日本人のあいだで特に不足しているといわれる栄養素、カルシウム。骨をつくるというイメージが強いのですが、実は生命維持のためには欠かせないミネラルなのです。ここではカルシウムの役割や効果的な摂取をご紹介していきます。
目次
カルシウムの役割とは?
丈夫な骨をつくるカルシウムは、身体の中で様々な役割を果たします。神経伝達や興奮の抑制、筋肉の収縮、血圧上昇の抑制、出血時の止血などの働きによって、私たちは日々スムーズに活動することができるのです。血液中のカルシウムが不足すると生命活動に支障をきたすので、骨からカルシウムを分解して利用します。つまり、骨は身体を支えると同時に大切なカルシウムの貯蔵庫でもあるのです。

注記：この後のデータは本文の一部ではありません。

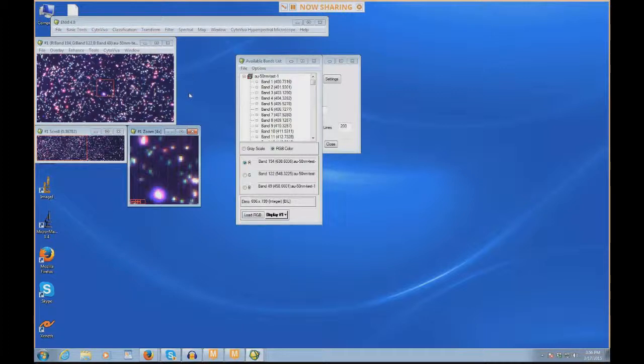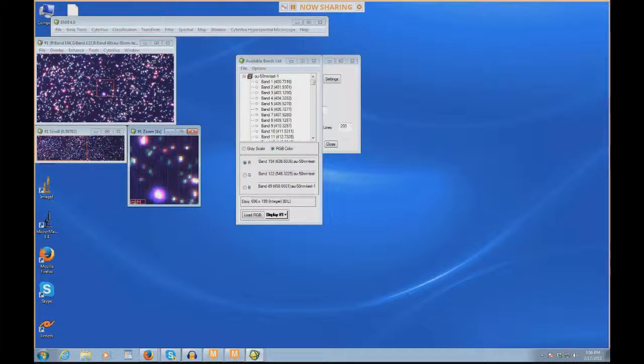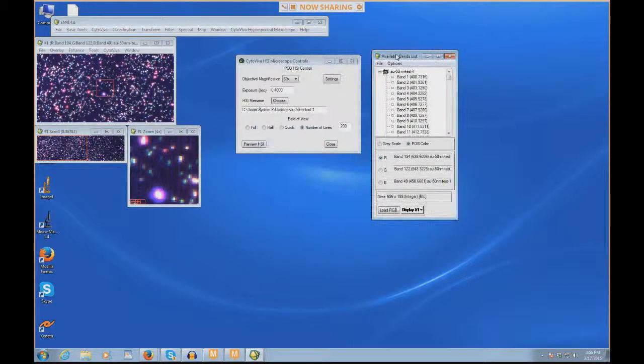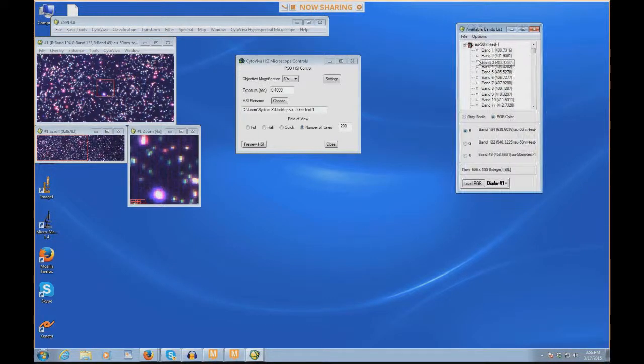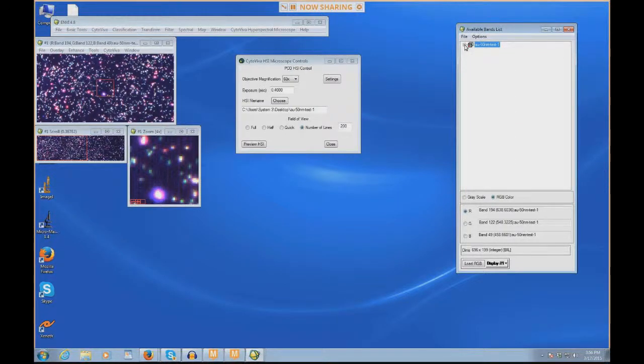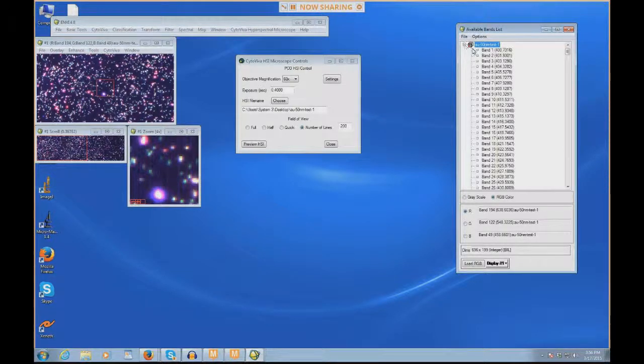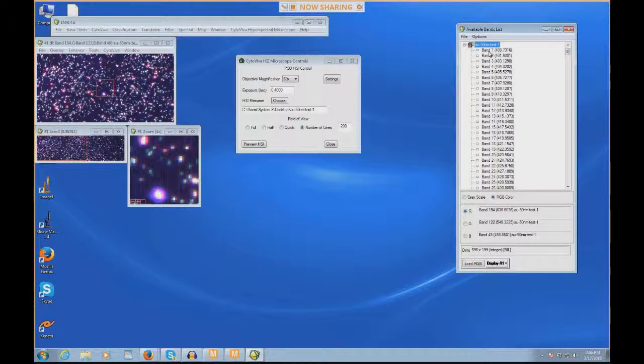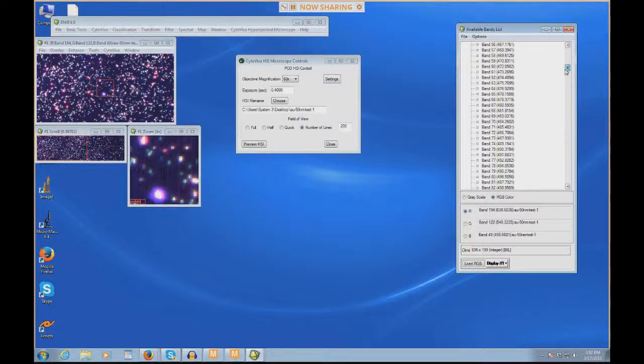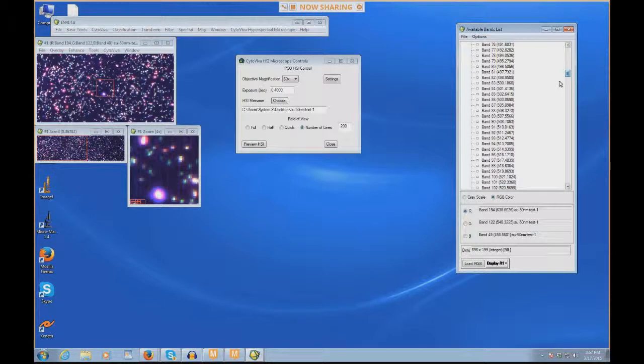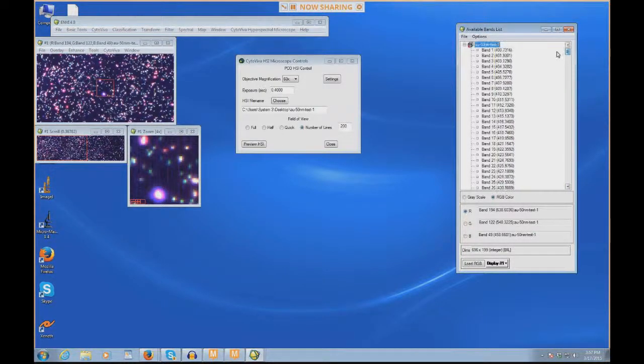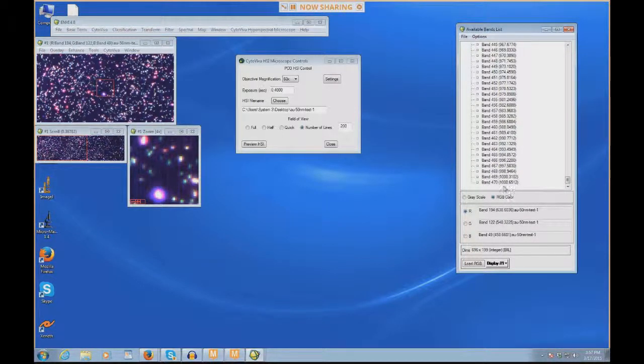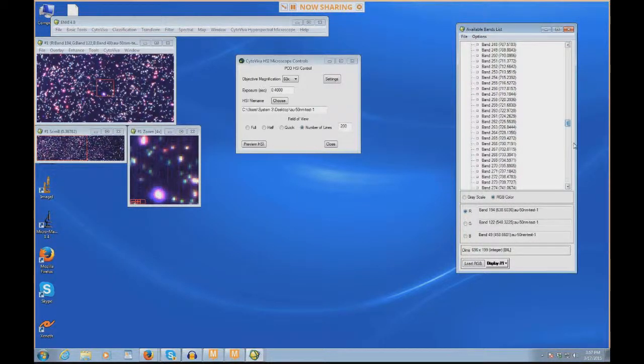What we see here in Envy are three windows. We see an image window, what's called a scroll window, and then a zoom window. We also see the available bands list show up. This available bands list basically just shows you any file that's open in Envy. If we expand it out, it shows you how many spectral bands are associated with this file and where they are. This file has 470 bands. Band 1 is at 400 nanometers all the way down to band 470 at 1,000 nanometers.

しかし、貯金を切り崩してばかりではいつか枯渇してしまいます。平均寿命が80歳以上となった現代において、カルシウム貯金はできるだけ残しておくのがベスト。たまにドカンと摂るのではなく、毎日こつこつと補給する習慣づくりを目指すと良いでしょう。
どんな食品に多いの?
カルシウムを多く含む食品といえば牛乳や小魚ですが、他の食品からもカルシウムを補給することができます。
乳製品
牛乳、チーズ、ヨーグルト、スキムミルク(脱脂粉乳)
魚介類
わかさぎやいわしなどの小魚、サクラエビ、しらす、シジミ
大豆製品
豆腐、納豆、高野豆腐、厚揚げ、大豆
野菜・海藻類
小松菜、ちんげん菜、菜の花、だいこん葉など緑の多い野菜、切り干し大根、ひじき、わかめ
効果的な摂り方とは?
カルシウムは摂ったぶんだけ身体に吸収されるわけではありません。食品によって吸収率が異なるといわれ、牛乳・乳製品では50%、魚介類では30%、大豆製品・野菜では20%ほどといわれています。吸収率の良い牛乳や乳製品は積極的にとりたい食品ですが、では吸収率の低い食品はおすすめできないのかというと、そうではありません。大豆製品や野菜・海藻、魚介類は日本の食卓になじみ深く、毎日無理なく摂りつづけられるというメリットがあります。毎日のお味噌汁にわかめや豆腐を入れる、切り干し大根やひじきで常備菜をつくる、小松菜などの緑黄色野菜を和え物にするなど、カルシウムを無理なく摂れる食生活づくりに生かしたいですね。
一緒に摂ると吸収を助けてくれる栄養素もご紹介しましょう。
①一緒に摂りたい栄養素
ビタミンD
きくらげや干し椎茸、しめじなどのきのこ類、鮭やさんま、いわしなどの魚介類
マグネシウム
大豆製品、アーモンドやピーナッツなどのナッツ類、ひじき、さつまいもなど
他にも、ビタミンCやクエン酸はカルシウムの吸収を助けます。野菜や果物に豊富に含まれますが、ビタミンCは水に溶ける性質があるので汁ごと食べられるスープ類にするのがおすすめです。果物は缶詰やシロップ漬けよりも生で食べられるフレッシュなものを選びましょう。他にも、カルシウムが体内から損失するのを防ぐ栄養素としてビタミンKやイソフラボンがあります。
ビタミンK
小松菜、ほうれん草、ブロッコリーなどの野菜、ひじき、納豆など
イソフラボン
大豆製品
こうしてみると、魚介類や大豆製品、緑黄色野菜、海藻類は、カルシウムを多く含むだけでなく吸収・維持に必要なビタミン類を同時に摂れることがわかりますね。
②避けた方がよいもの
カルシウムの吸収を妨げたり、身体の外に排泄してしまったりするものとしては、たばこ、アルコール、食塩、リン、カフェインなどがあります。食塩は濃い味つけの汁物に多いので、だしを利かせて調味料を控えましょう。リンはスナック菓子やインスタント食品に多く含まれるので、ついつい食べる機会が多くなってしまうという方は気をつけましょう。
③適度な運動が効果的
カルシウム貯金を増やすには、軽い運動をするのがおすすめです。負荷をかけることでカルシウムが骨に定着しやすくなるといわれています。スポーツだけでなく家事や仕事で身体を動かすだけでも効果的です。少しくらいの距離なら、乗り物を使わず歩く習慣を身につけると良いですね。ただし過度の運動は逆効果なので、ほどほどを心がけましょう。
まとめ
骨となって身体を支えるだけでなく、日々生きていくために必要な栄養素であるカルシウム。健康に年齢を重ねられるように、毎日無理なく摂れる食生活づくりをはじめてみましょう。